Segment Start: Records for the task
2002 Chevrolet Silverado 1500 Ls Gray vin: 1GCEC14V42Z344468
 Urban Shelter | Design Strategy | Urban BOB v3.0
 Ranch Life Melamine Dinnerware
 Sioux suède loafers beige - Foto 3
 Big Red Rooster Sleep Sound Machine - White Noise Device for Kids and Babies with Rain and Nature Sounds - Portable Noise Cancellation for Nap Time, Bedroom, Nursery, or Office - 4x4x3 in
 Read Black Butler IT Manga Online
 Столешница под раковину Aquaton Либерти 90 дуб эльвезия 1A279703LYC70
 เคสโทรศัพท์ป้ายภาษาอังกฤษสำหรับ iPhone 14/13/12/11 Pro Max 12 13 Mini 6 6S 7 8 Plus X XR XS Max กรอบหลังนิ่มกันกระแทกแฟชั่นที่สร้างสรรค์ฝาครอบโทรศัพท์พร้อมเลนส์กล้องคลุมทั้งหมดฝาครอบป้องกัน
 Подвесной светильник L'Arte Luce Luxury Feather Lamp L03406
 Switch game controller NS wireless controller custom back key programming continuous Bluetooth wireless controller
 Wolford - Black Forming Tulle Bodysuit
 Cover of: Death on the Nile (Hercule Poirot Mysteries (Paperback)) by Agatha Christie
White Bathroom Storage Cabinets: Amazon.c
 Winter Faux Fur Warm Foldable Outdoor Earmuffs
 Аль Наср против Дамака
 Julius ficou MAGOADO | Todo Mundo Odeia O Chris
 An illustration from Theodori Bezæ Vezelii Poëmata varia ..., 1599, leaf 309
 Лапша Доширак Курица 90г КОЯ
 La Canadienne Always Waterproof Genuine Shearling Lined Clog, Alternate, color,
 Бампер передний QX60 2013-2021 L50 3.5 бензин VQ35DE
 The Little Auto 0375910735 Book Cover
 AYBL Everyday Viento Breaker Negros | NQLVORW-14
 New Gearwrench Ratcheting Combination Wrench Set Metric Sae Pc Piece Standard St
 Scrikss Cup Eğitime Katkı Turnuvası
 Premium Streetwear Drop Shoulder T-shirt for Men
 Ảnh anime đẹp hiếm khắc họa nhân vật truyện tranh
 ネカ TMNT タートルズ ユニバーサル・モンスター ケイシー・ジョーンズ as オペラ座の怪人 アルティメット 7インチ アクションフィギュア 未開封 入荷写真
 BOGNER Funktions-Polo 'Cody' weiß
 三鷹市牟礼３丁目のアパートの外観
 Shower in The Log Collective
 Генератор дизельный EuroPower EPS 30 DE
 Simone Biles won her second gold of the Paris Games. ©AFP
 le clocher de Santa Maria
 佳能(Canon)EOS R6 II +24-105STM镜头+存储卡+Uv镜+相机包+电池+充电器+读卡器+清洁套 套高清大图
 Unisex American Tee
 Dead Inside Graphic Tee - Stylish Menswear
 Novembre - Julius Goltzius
Segment End: Records for the task
> **Exercise goal**
Please return all lines from the records that hold the word "Julius".

> **Answer to the problem**
 Julius ficou MAGOADO | Todo Mundo Odeia O Chris
 Novembre - Julius Goltzius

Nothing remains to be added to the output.